A crunchy, crispy, salty, rosemary-infused crust and a moist, airy, chewy texture are hallmarks of a delicious focaccia — and this recipe has it all. And just when you think a homemade bread can’t get any better, in walks this no-knead version that beats the classic. You read that correctly — this gorgeous, mouthwatering bread is 100% no-knead. That means no kitchen mixer, no sweat, no mess and no previous experience needed. Bread making doesn’t get much easier – or more delicious – than this focaccia recipe.

Because this is a two-day project, you will need to plan accordingly. All you need (forgive the pun, please) is a bowl, a spoon and a few ingredients, along with a minute of stirring before the dough gets a long, slow rise in the refrigerator. Take a look at the “just mixed” photo (below left). You’ll see that the texture is very different than a classic kneaded dough. It will look lumpy and bumpy and break into pieces if you pull on it. On baking day (the following day), your dough will be risen (below right) and, with some minor tending and shaping, you’ll notice that it is more elastic.

Abigail Johnson Dodge

Set it aside for a warmer, room-temp second rise.

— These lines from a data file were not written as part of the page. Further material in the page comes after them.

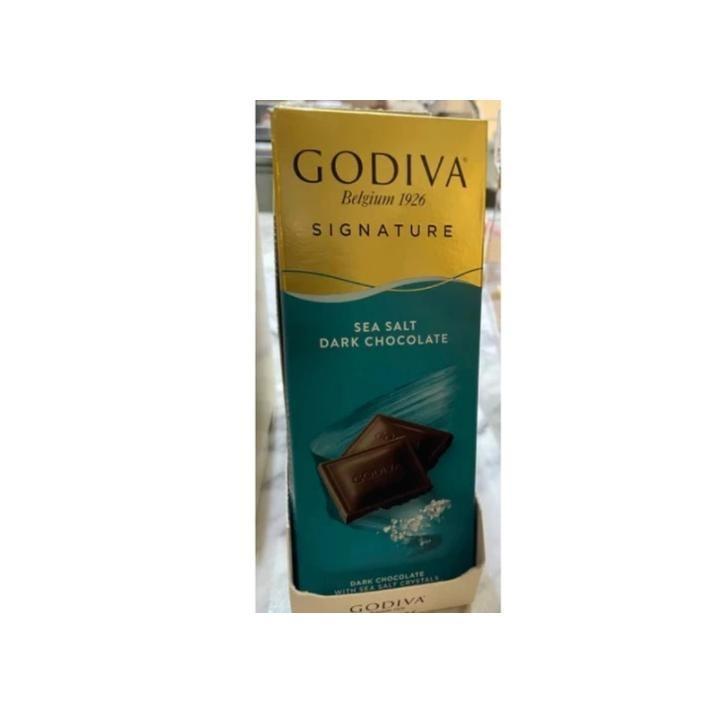 Godiva Signature Sea Salt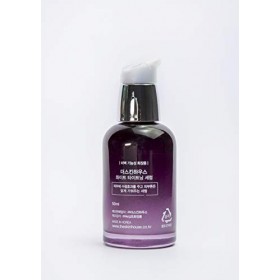 The Skin House Le sérum blanc raffermissant 50 ml procure une sensation de fraîcheur Sérum blanc raffermissant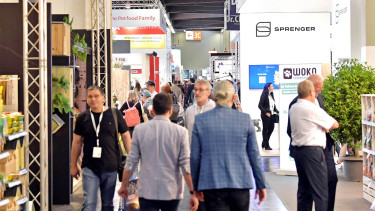 A record-breaking trade fair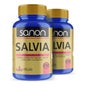Sanon Pack Salvia 500mg 2x100comp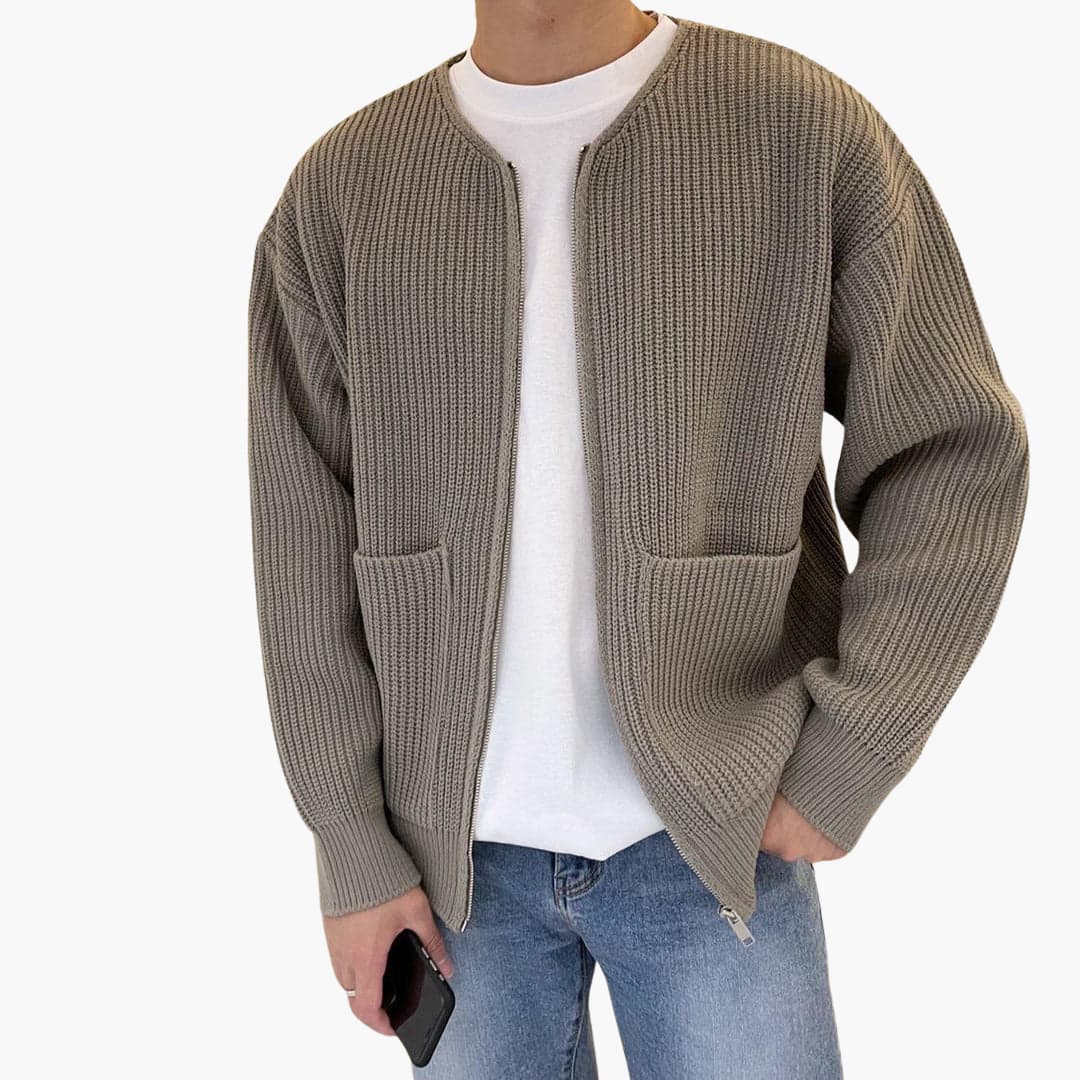 Beau | Trendiger Cardigan - Image 6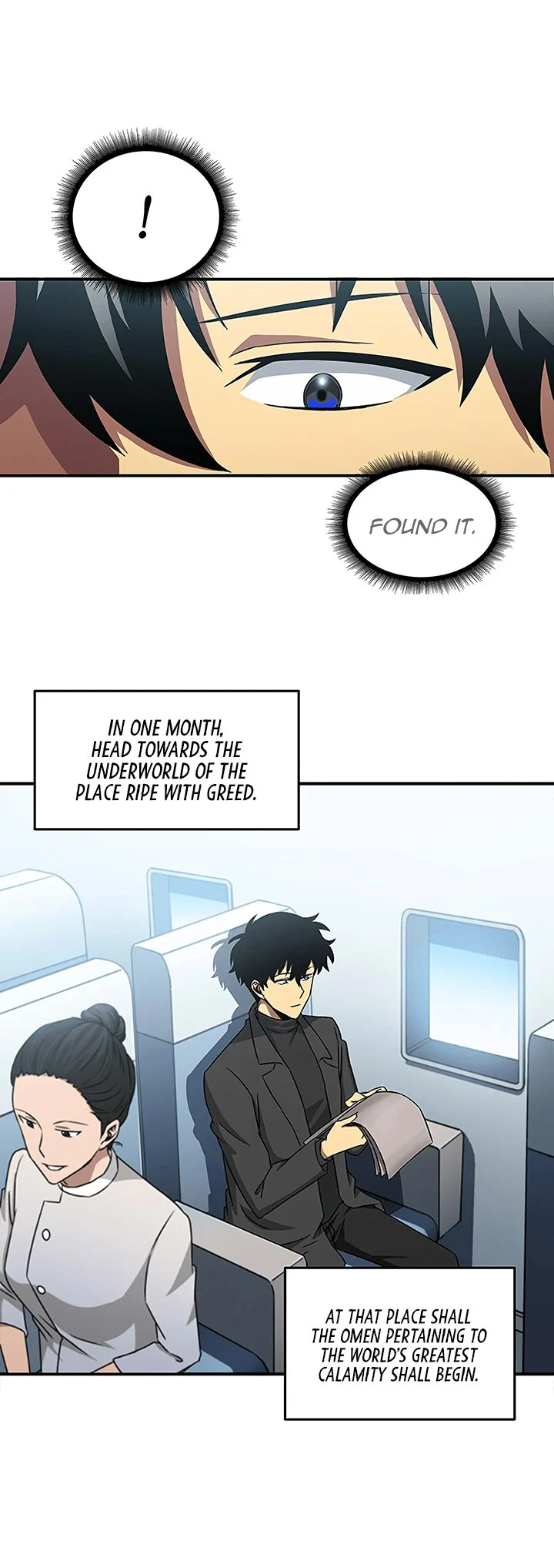 Read Tomb Raider King EN Manga Online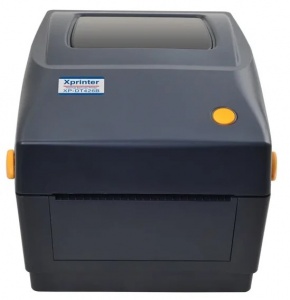 Купить Портативный принтер этикеток Xprinter XP-460B (USB) Черный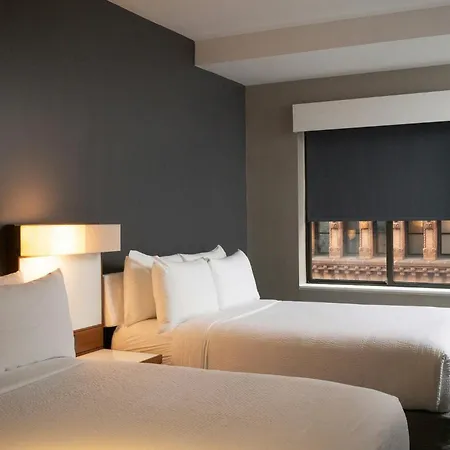 The Cloud One New York-Downtown, Part Of The Motel One Group-3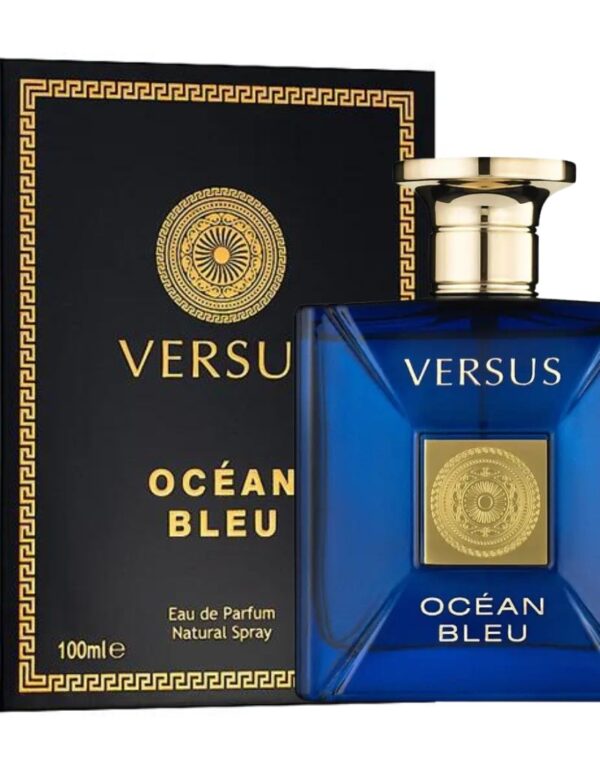 Fragrance World Versus Ocean Bleu For Men And Women EDP 100ml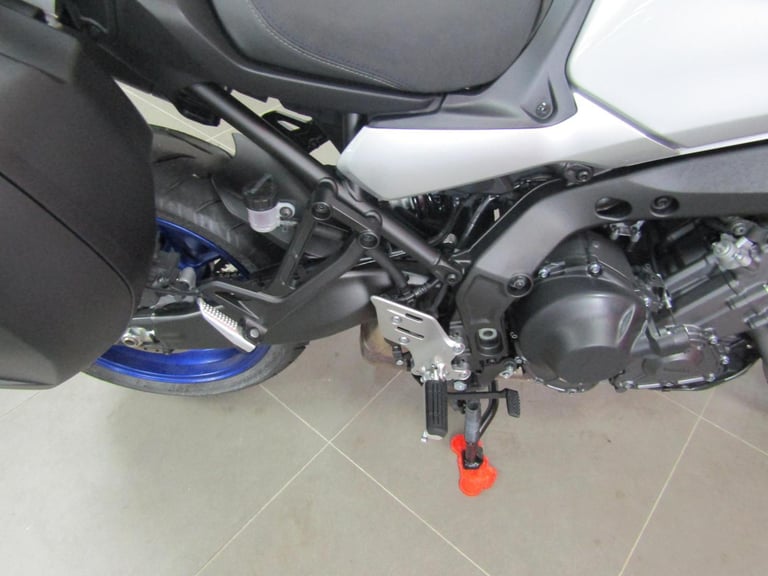 2022 Yamaha Tracer 9 GT DEMO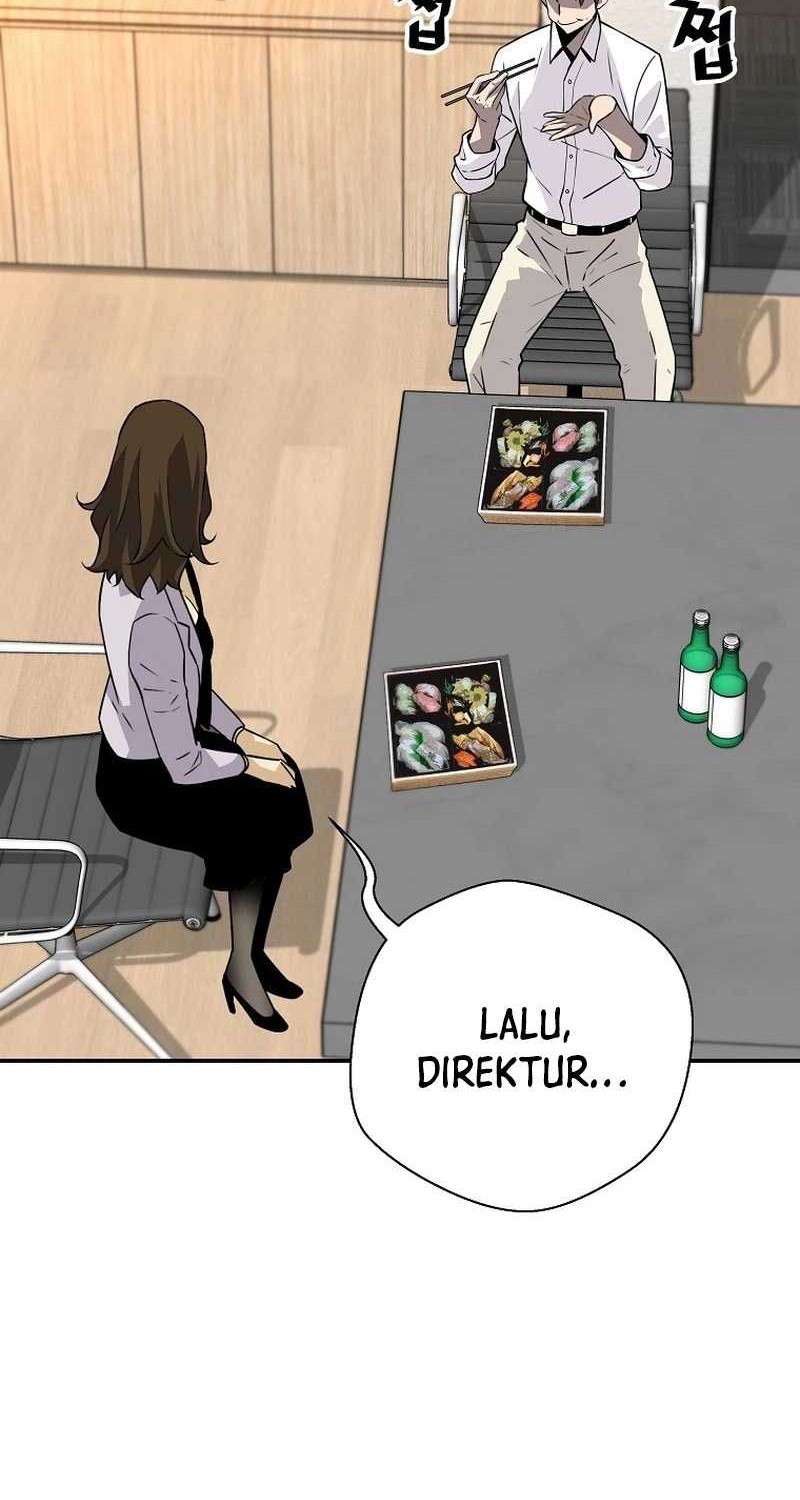 Return of the Legend Chapter 107 - halaman 69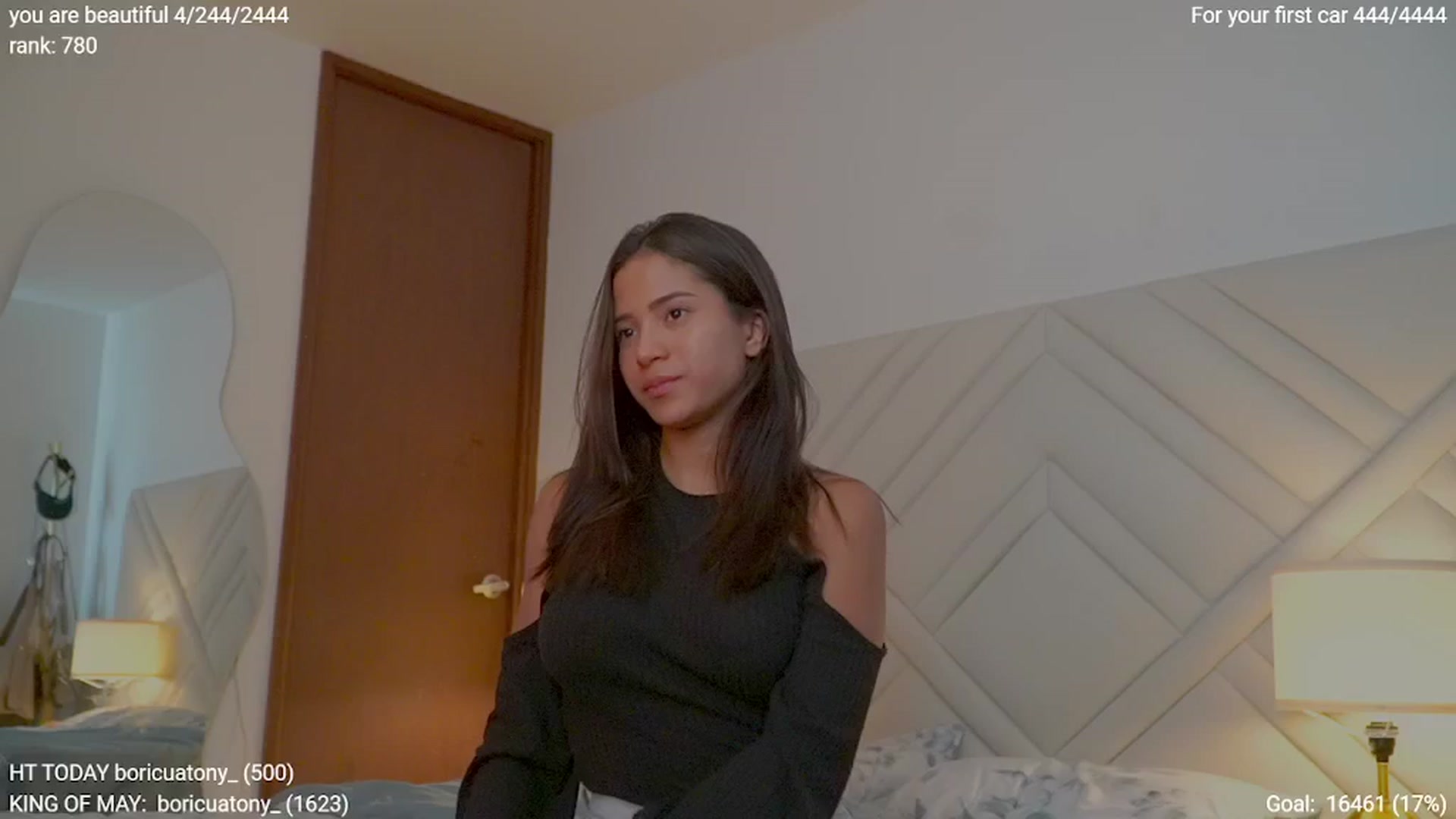 Gallery image thumbnail from Missabyy's myfreecams stream on, 05/03/2024, 18:30 image 10 of 20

Once the dough is puffy and bubbly, it is time for dimpling (below, right) and scattering your topping choice over the dough (below, left) before sliding into the oven for bake time.

Abigail Johnson Dodge

Focaccia is a wonderful accompaniment to any meal at any time of the day. Served alongside anything from a simple soup to barbequed chicken to pot roast (and so much else), it is an excellent and delicious dance partner. As the nights grow chillier, you might want to try two of my favorites to serve with your focaccia: Simple Parmigiano Meatballs and Spanish Pot Roast.  You’ll want to sop up all the sauce with this bread. Please let us know in the comments section of the recipe what you serve it with.

Susie Middleton

I’m a big fan of the classic sea salt and rosemary topping especially because I like to split and toast any leftovers. They make for a killer sandwich pairing with ham, brie and honey mustard. And if you are lucky enough to still have some the next morning, a toasted focaccia breakfast egg and cheese is not to be missed. That said, I have included some additional topping options in case you want to switch things up.

Kitchen notes:

Olive oil
It might seem like a lot in the bowl and the pan but don’t skimp as that’s what will give you the delicious crunchy, crispy crust.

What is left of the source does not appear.